Task statement: All that is wanted is the exact text of the lines below from the one with "Children pick yellow" through the one with "Christoph the Change", inclusive, minus any pictures.

Data listing:
== Segment start ==
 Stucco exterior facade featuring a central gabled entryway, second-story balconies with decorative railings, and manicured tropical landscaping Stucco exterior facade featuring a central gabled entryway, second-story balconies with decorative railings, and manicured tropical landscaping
== Segment end ==
== Segment start ==
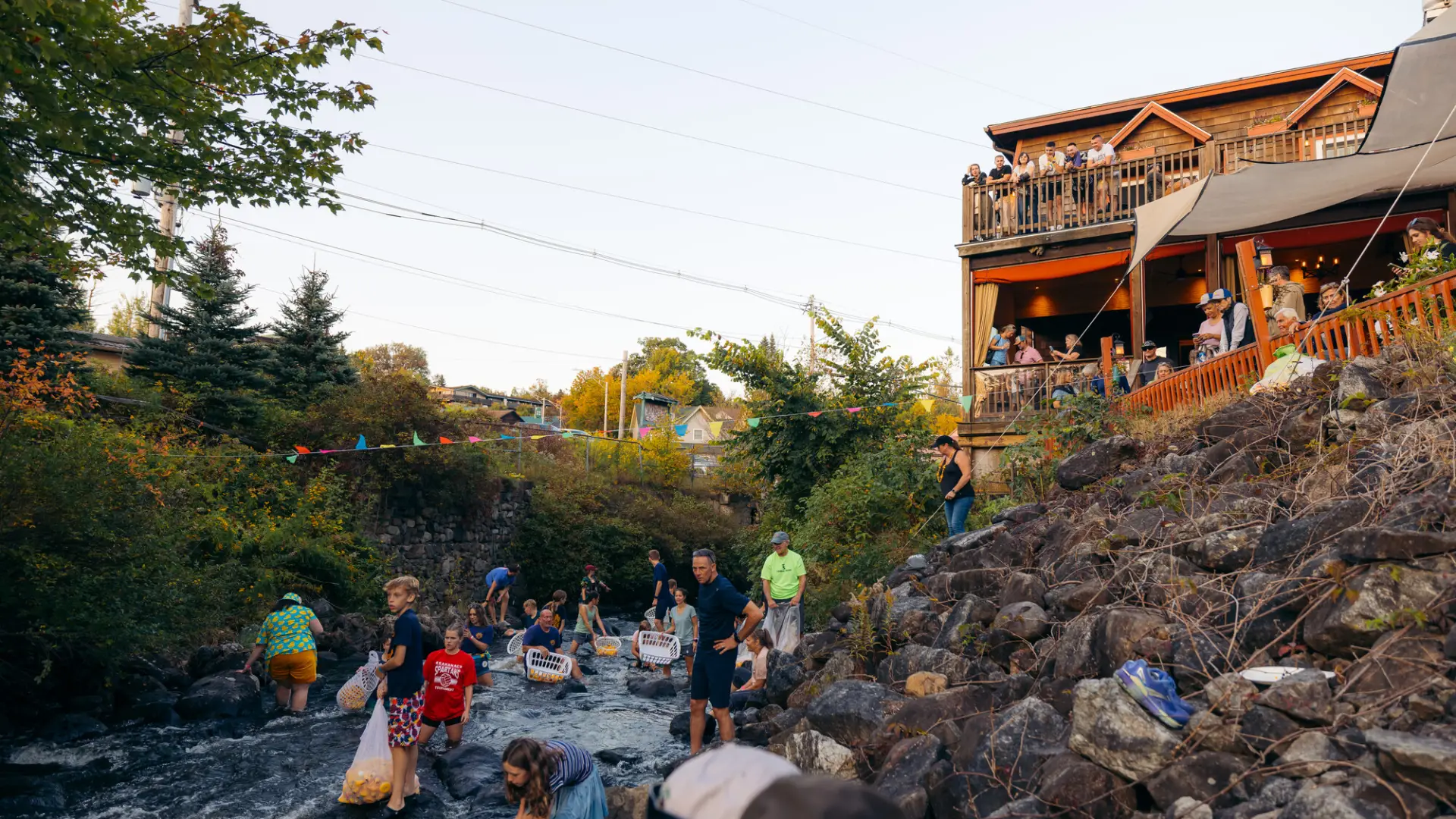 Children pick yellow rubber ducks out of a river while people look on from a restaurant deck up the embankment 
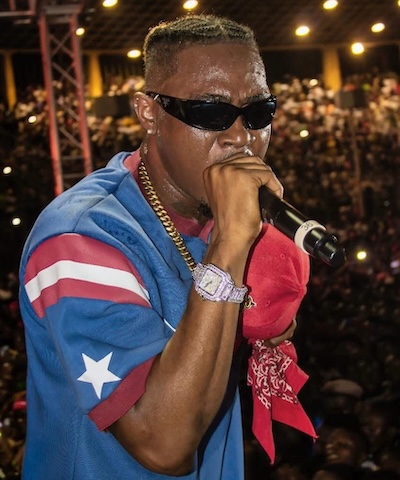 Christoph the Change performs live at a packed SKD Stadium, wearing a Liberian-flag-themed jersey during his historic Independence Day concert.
== Segment end ==
Finished exercise:
 Children pick yellow rubber ducks out of a river while people look on from a restaurant deck up the embankment 
 Christoph the Change performs live at a packed SKD Stadium, wearing a Liberian-flag-themed jersey during his historic Independence Day concert.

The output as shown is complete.